## TASK OBJECTIVE
Beginning with the line that contains "Umenie v pohybe - tanecna sutaz 2017" and ending with the last line of the records, write out each line exactly and omit the pictures.

Stored records:
════

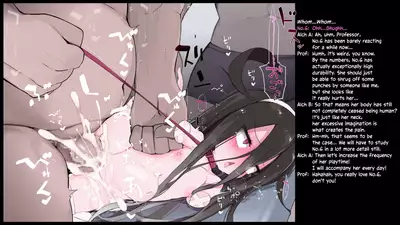 Doll Sentai! White 6 | Doll Force! White 6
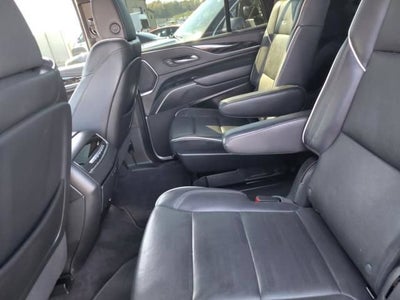 2023 Cadillac Escalade Sport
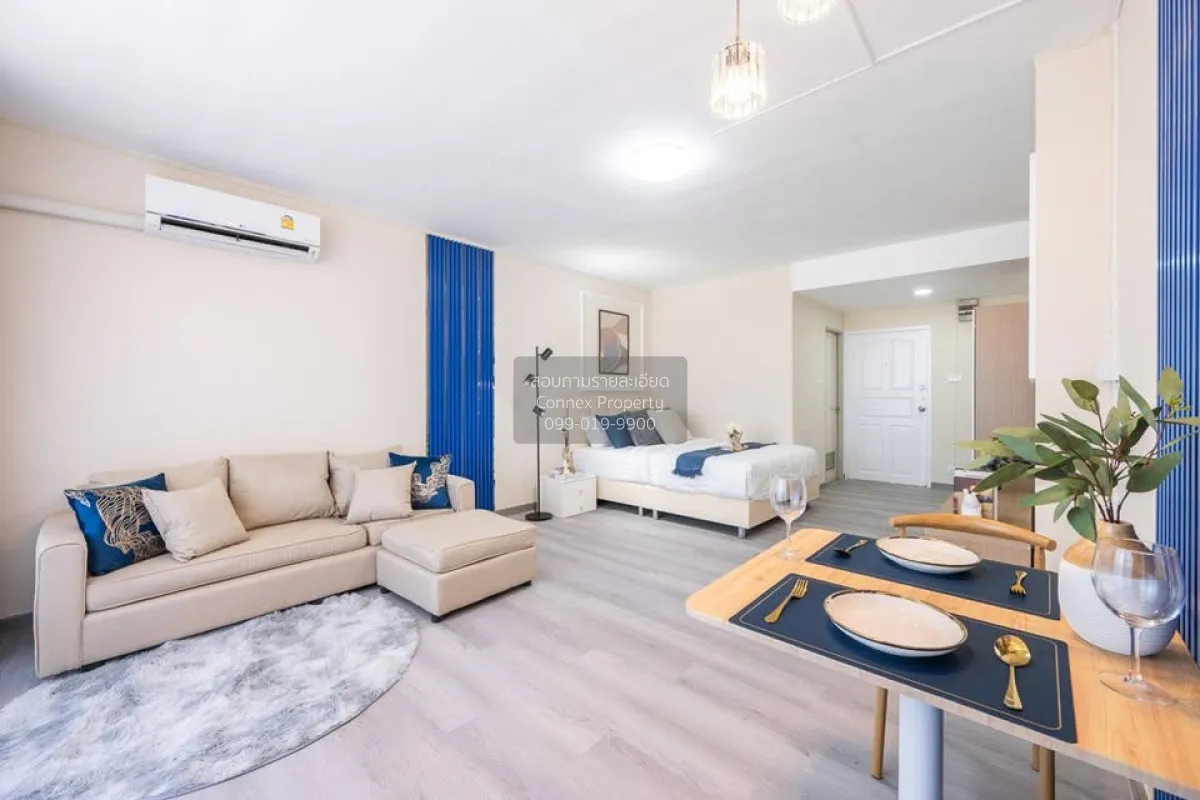 ขายคอนโด  ทรัพย์แก้ว ทาวเวอร์ MRT-ห้วยขวาง ห้วยขวาง เขต ห้วยขวาง  4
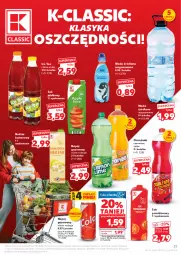 Gazetka promocyjna Kaufland - Gazetka tygodnia - Gazetka - ważna od 09.07 do 09.07.2025 - strona 37 - produkty: Sok, Nektar bananowy, Ice tea, LANA, Sok jabłkowy, Oranżada, Napój gazowany, Sok pomidorowy, Woda, Napój, Nektar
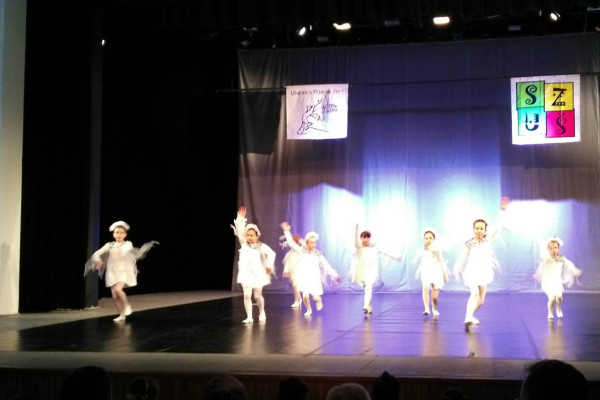 Umenie v pohybe - tanecna sutaz 2017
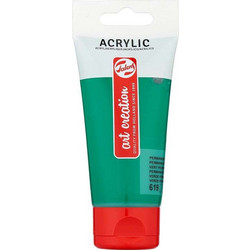 Royal Talens Art Creation 619 Permanent Green Deep Ακρυλικό Χρώμα Ζωγραφικής 75ml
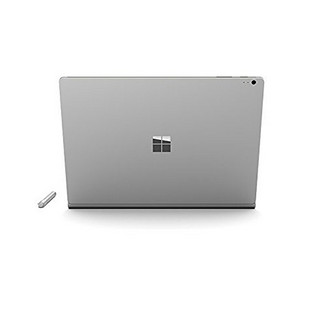 Microsoft 微软 Surface Book 十代酷睿版 13.5英寸 二合一笔记本电脑 银色 (酷睿i5-1035G7、核芯显卡、8GB、256GB SSD、3K）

════

## EXERCISE ANSWER
 Umenie v pohybe - tanecna sutaz 2017
 Royal Talens Art Creation 619 Permanent Green Deep Ακρυλικό Χρώμα Ζωγραφικής 75ml
 Microsoft 微软 Surface Book 十代酷睿版 13.5英寸 二合一笔记本电脑 银色 (酷睿i5-1035G7、核芯显卡、8GB、256GB SSD、3K）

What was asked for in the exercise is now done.